It is simply a discoverable fact (allegedly) that all beautiful things
are unified. Instead, he seems to
believe that beauty is a simple, un-analyze-able property, (which means that
the term cannot be defined at all) and that we can learn only by direct
experience. Nevertheless, his emphasis
on measure and proportion set an important precedent for all subsequent
philosophers.
Under
the influence of Plato, classical philosophy meditated extensively on what was
termed “the transcendentals,” specifically the true, the good, and the
beautiful. Classical philosophy regarded
these transcendentals as qualities of “Being-as-such.” Truth is being as knowable; goodness is being
as lovable; and beauty is being as admirable, attractive, and desirable.
Now,
it is common for us today to think of “truth” as a property that applies only
to propositions or sentences. But a more
classical understanding of “truth” holds that it is a property that describes things. Things are true, in the sense of a “true
friend” or a “true love” or a “true blade.”

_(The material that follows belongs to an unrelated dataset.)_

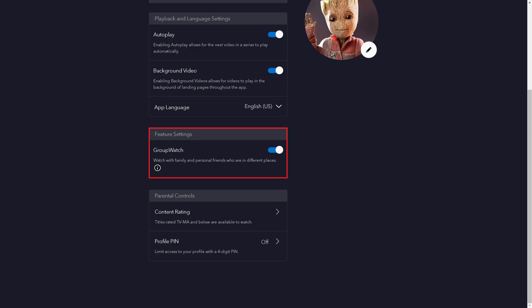Step 4. Scroll down to the Feature Settings section, and then click to toggle off the Group Watch feature. Going forward, you'll no longer be able to use the Group Watch feature to watch Disney Plus content with family and friends who are in different places.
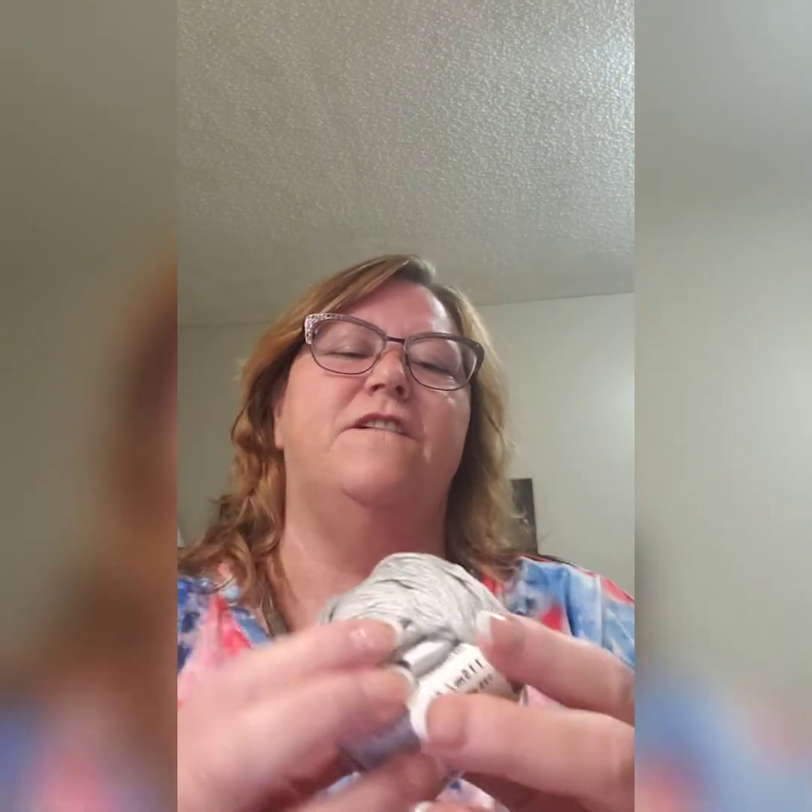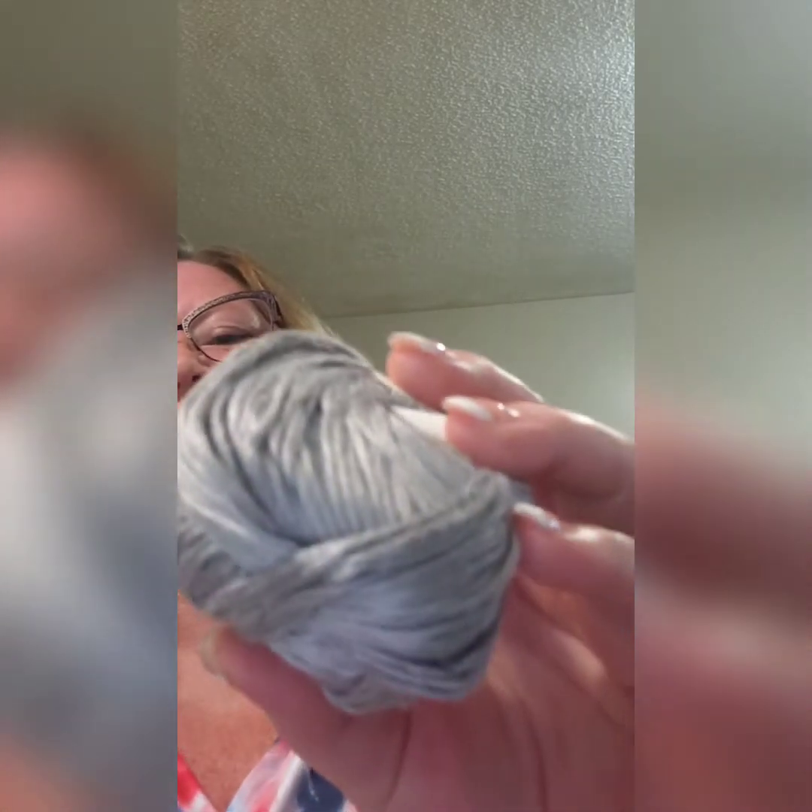I also got some Lamia bamboo — I love bamboo, it's so soft. It has 125 yards per ball. I can't quite read the color name, but it's a silvery color and it's really pretty.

Under this older understanding of truth, to say a thing is true is to
say that it approaches its own perfection as the sort of thing that it is (it
“be”). For instance, a true friend is a
friend who exemplifies friendship most fully, a friend who “be”s
friendship. To the extent that your
friend is/be a friend, be as a friend, he exemplifies the ideal
of friendship. And the more fully he “be”s a friend, the more fully he exemplifies this ideal of
friendship. Thus, to the extent
something is true, it has a greater degree of reality. Things are true to the extent that they “be,”
and they “be” (exist) to the extent that they are true. But note further, this means that to that
very same extent, they are unimpaired and thus beautiful and good.
Now this is
somewhat heavy metaphysical theorizing[8],
but
Some theorists thought
of beauty as an object that does not exist in the world of sense at all.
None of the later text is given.